R. Não. Até porque, temos um período muito curto. Eu fui convidado por um governador que teria em tese 2017 e 2018 de gestão. É lógico que eu não paralisei nada do que está em andamento, mas no processo pedagógico. Eu quero chamar a atenção da sociedade para que a família se aproxime da escola. Mas nunca se falou nisso [OS]. Aliás, posso dizer que OS é uma coisa que o nosso Governo aqui não encara com muita simpatia.

P. Por quê?

"A sociedade não pode esperar que a escola resolva todos os problemas. E a boa família tem que acompanhar"

R. Porque, pelo que eu escuto, ela remunera de uma forma que o Estado não consegue remunerar. Quando o Estado está com uma restrição de insuficiência orçamentária, as OS não tomam conhecimento. Elas seguem com uma remuneração que cria um descompasso. Não há essa política aqui. E nem sei se está dando certo lá em Goiás.

P. A reforma do Ensino Médio trouxe muitas dúvidas e questionamentos. De maneira geral, como o senhor avalia a MP anunciada?
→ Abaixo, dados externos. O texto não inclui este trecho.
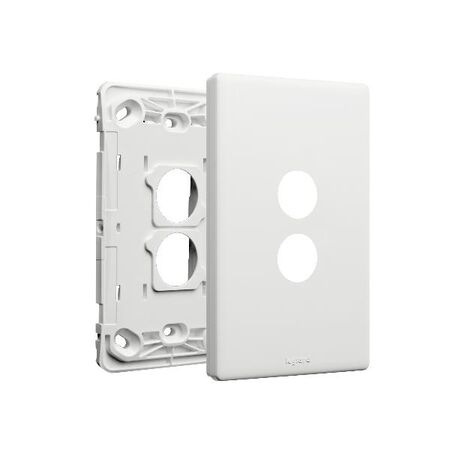 Excel Life EM Series Grid & Plate 2 Gang Matt White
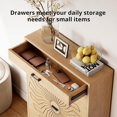 thumbnail image 4 of Shoe Cabinet with 2 Flip Drawers, Freestanding Shoe Organizer with Drawer, Carved Sunflower Narrow Shoe Rack Cabinet for Entryway, Hallway, Living Room, 4 of 9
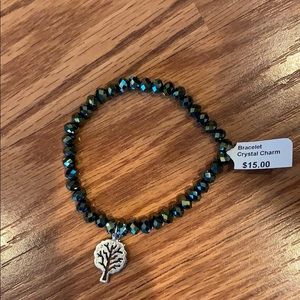 Crystal Stretch Charm bracelet with tree charm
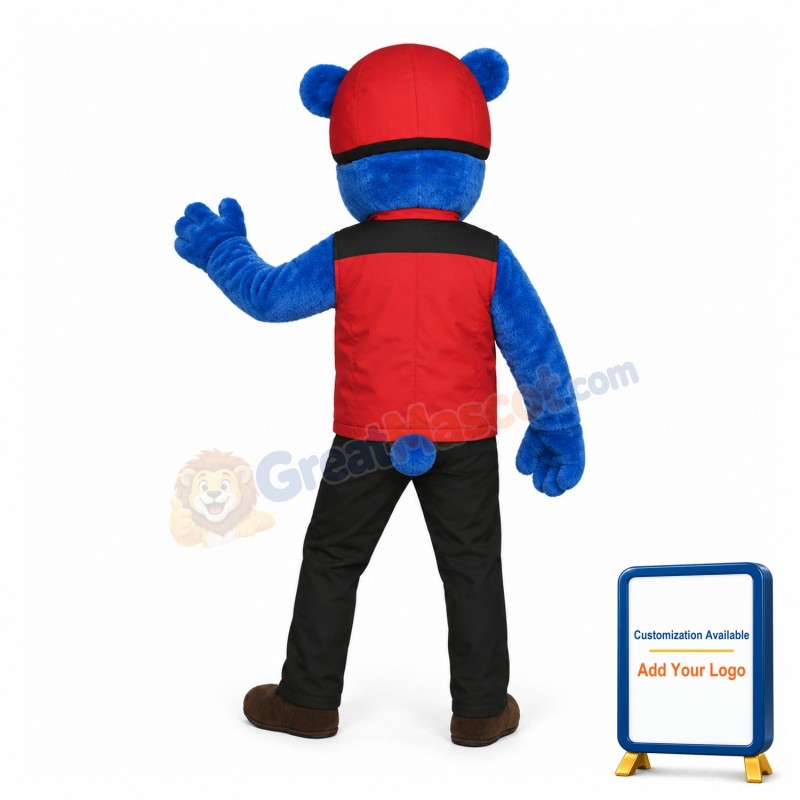 Blue Bear Lifeguard Mascot Costume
R. A revisão da sistemática do Ensino Médio é uma reivindicação antiga do alunado. Tanto que o Projeto de Lei contendo o resultado de ampla pesquisa e discussão encontra-se no Parlamento desde 2013. Nada obstante a valia e legitimidade da proposta, a dimensão da Rede Pública de Educação de São Paulo reclama um planejamento consistente, antecedido de consulta a todos os interessados: alunos, professores, diretores, supervisores, coordenadores, dirigentes, funcionários e demais colegiados: Grêmios, Associação de Pais e Mestres, Conselho Escolar. A comunidade pode ficar tranquila que nada se fará de forma abrupta e sem democrática participação de todos aqueles que serão afetados pela reforma.

P. Uma das críticas foi de que a reforma não foi previamente discutida com a comunidade escolar, algo muito parecido com o que diziam na época da reorganização escolar em São Paulo. O senhor acha que faltou discussão?

R. Na verdade, a discussão antecedeu a elaboração do Projeto de Lei. Nada obstante, a Secretaria da Educação de São Paulo fará nova enquete e propiciará a toda a comunidade a oportunidade de rediscutir e de debater em plenitude a reforma e seu alcance.

P. Os estudantes de São Paulo foram às ruas na mesma semana do anúncio, contrários à reforma. O senhor acha que as mudanças podem gerar uma nova onda de ocupação nas escolas do Estado?

R. Acredito que não, depois de o alunado ser cientificado de que nada se fará sem a participação dos principais interessados e destinatários da reforma, que são os próprios alunos.